JAKARTA - Penyidik Direktorat Reserse Kriminal Khusus Polda Aceh mencari alat bukti tambahab dalam pengusutan kasus dugaan korupsi beasiswa Pemerintah Aceh sebesar Rp22,3 miliar.
Kepala Bidang Humas Polda Aceh Kombes Winardy, mengatakan bukti tambahan tersebut untuk memperkuat konstruksi hukum dugaan tindak pidana yang dilakukan sebelum penetapan tersangkanya.
"Penyidik sudah melakukan gelar perkara. Hasilnya, seluruh peserta gelar perkara sepakat masih diperlukan penambahan alat bukti sebelum penetapan tersangkanya," kata Kombes Winardy di Banda Aceh, dilansir Antara, Rabu, 18 Agustus.

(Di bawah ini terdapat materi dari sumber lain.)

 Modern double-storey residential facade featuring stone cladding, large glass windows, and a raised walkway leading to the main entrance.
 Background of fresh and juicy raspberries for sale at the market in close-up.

Selain penambahan alat bukti, kata Winardy, penyidik juga mengajukan permohonan asistensi dari Badan Reserse Kriminal (Bareskrim) Polri guna menuntaskan penanganan kasus itu.

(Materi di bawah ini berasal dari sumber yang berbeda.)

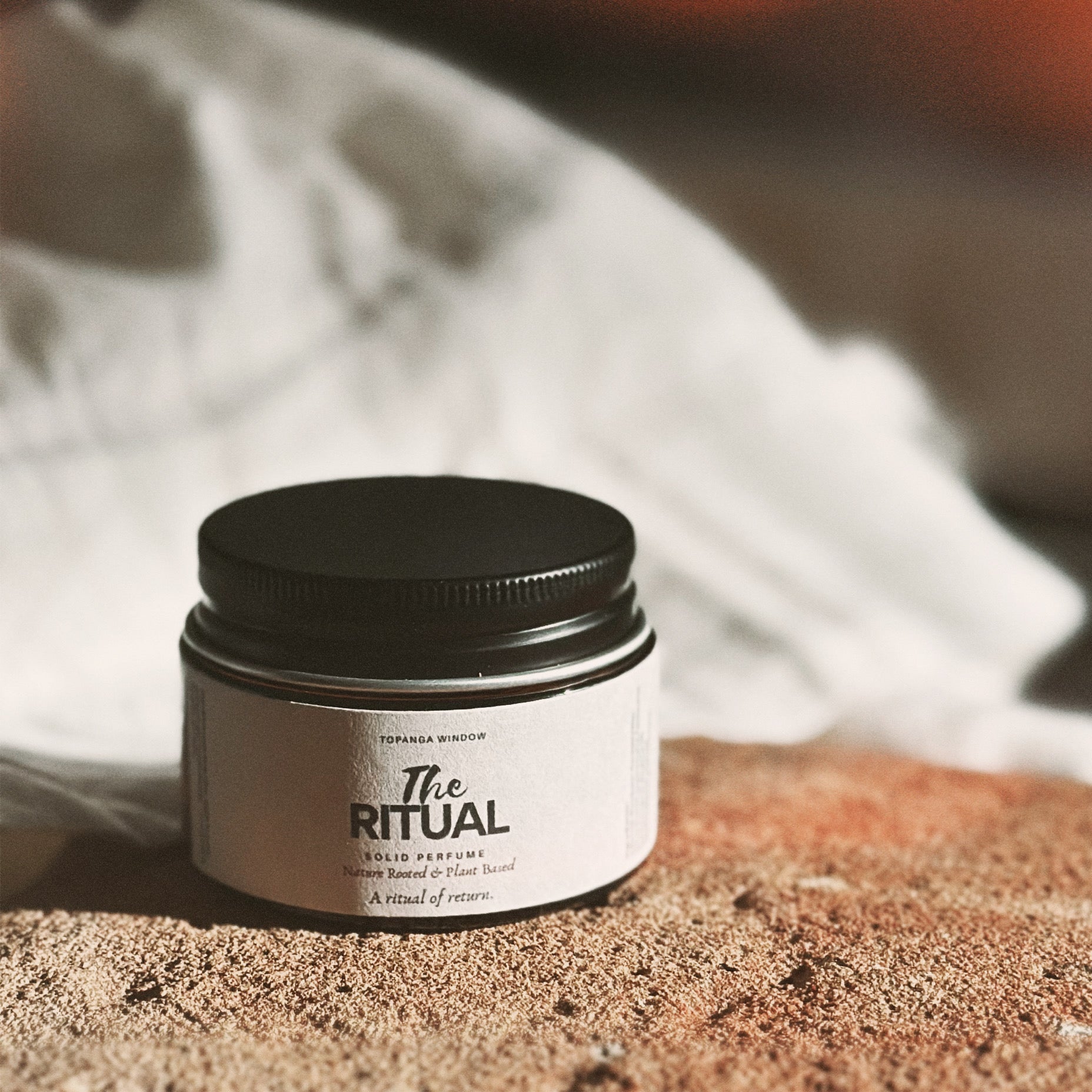Jar of 'The Ritual' solid perfume on a textured surface with a blurred background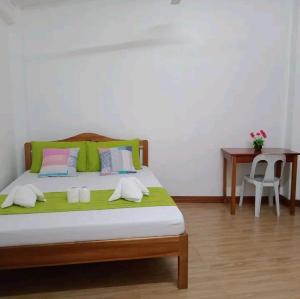 Ένα ή περισσότερα κρεβάτια σε δωμάτιο στο Benson's Place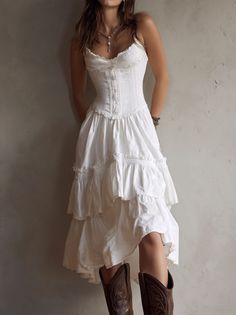 Woman in a white corset dress and cowboy boots leaning against a wall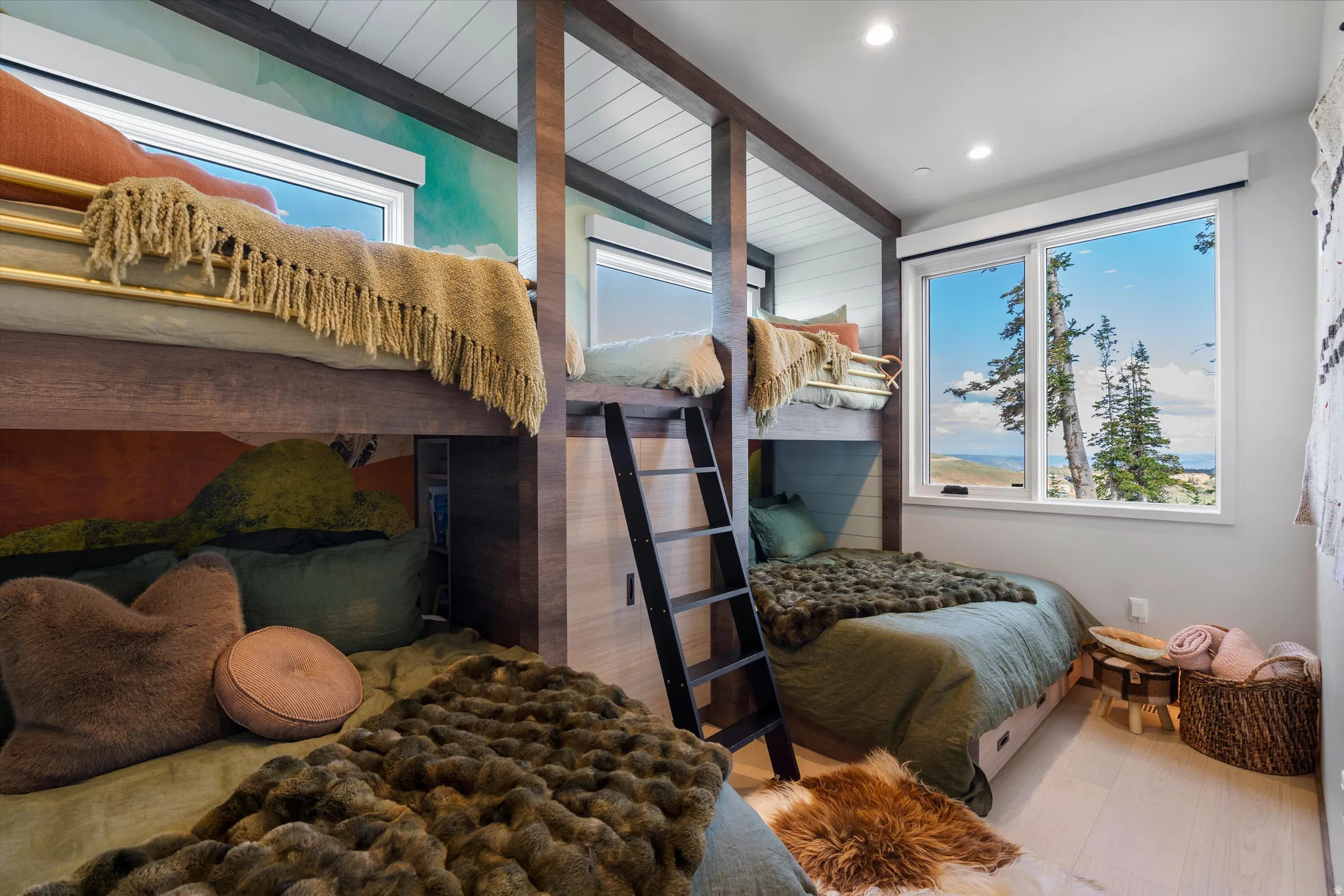 Built-in bunk beds with integrated storage, wood-finish flooring, recessed lighting, and expansive windows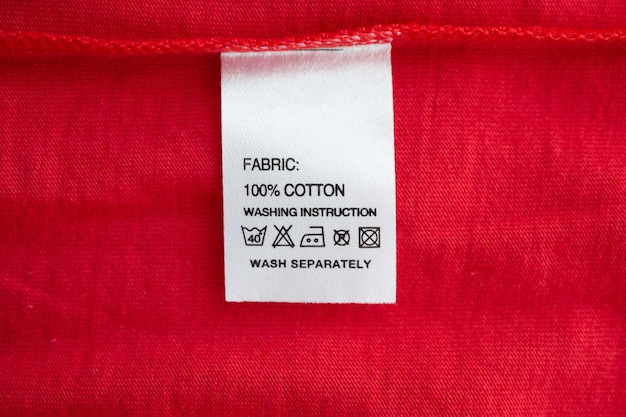 Foto etiqueta branca de instruções de lavagem de roupas para lavar roupas em camisa de algodão vermelha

"Dengan adanya penambahan alat bukti serta asistensi Bareskrim Polri diharapkan bisa mempercepat penyelesaian penyidikan, sehingga bisa secepatnya gelar perkara berikutnya dan penetapan siapa saja tersangkanya," kata Winardy.

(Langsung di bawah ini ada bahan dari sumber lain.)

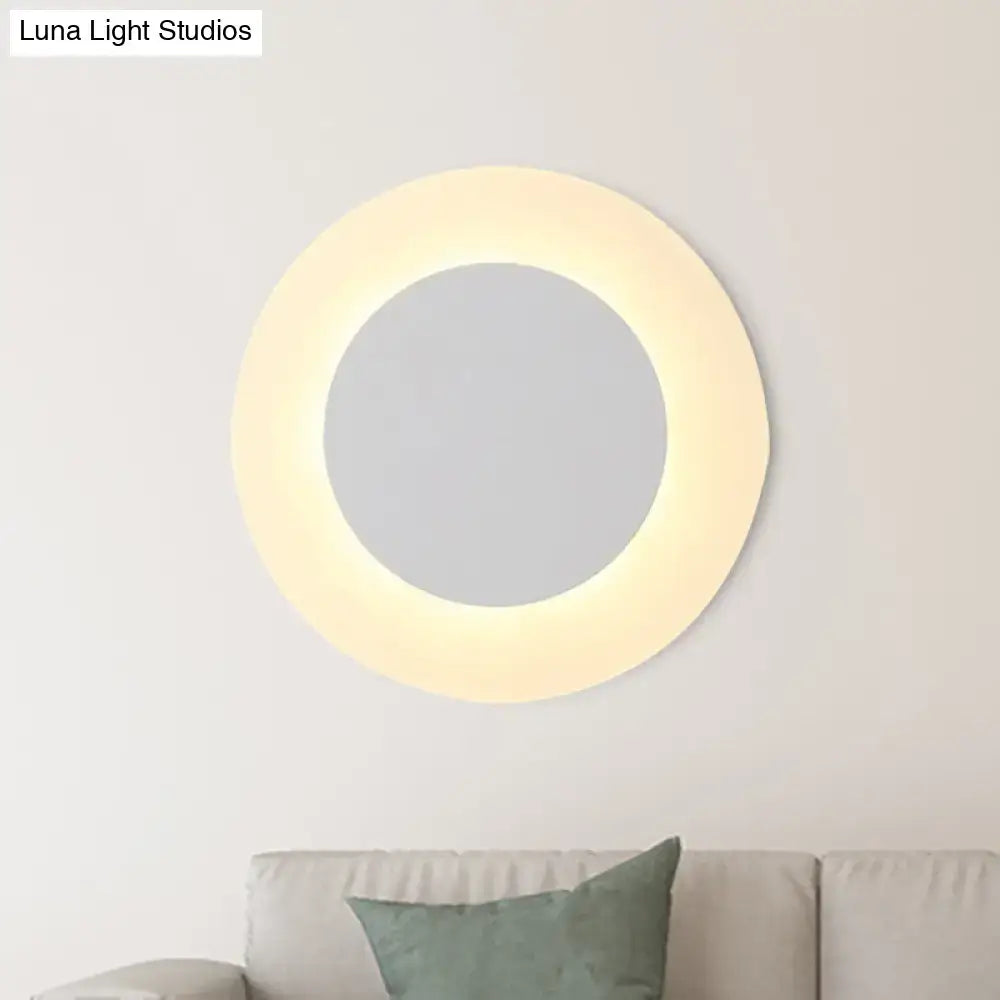 Modern white halo ring wall lighting fixture with circular mirror and warm-toned led ring for bedroom lighting fixture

Pemerintah Aceh pada 2017 mengalokasikan anggaran Rp22,3 miliar lebih untuk beasiswa mahasiswa program studi, mulai diploma tiga hingga doktoral atau S-3.
Anggaran beasiswa tersebut ditempatkan di Badan Pengembangan Sumber Daya Manusia (BPSMD) Aceh. Beasiswa tersebut disalurkan kepada 803 penerima dengan realisasi mencapai Rp19,8 miliar lebih.
BACA JUGA:
Sebelumnya, lembaga swadaya masyarakat Gerakan Antikorupsi (GeRAK) Aceh melaporkan indikasi korupsi penyaluran beasiswa bantuan pendidikan Pemerintah Aceh tahun anggaran 2017.
Hasil temuan Inspektorat Aceh menyebutkan beasiswa tersebut berasal dari usulan 24 Anggota DPR Aceh. Jumlah penerima mencapai 938 mahasiswa, terdiri 825 penerima usulan Anggota DPR Aceh, dan 86 orang permohonan secara mandiri.
Dalam menangani kasus dugaan tindak pidana korupsi beasiswa, penyidik Polda Aceh sudah memeriksa sejumlah Anggota DPR Aceh periode 2014-2019 serta ratusan penerima beasiswa.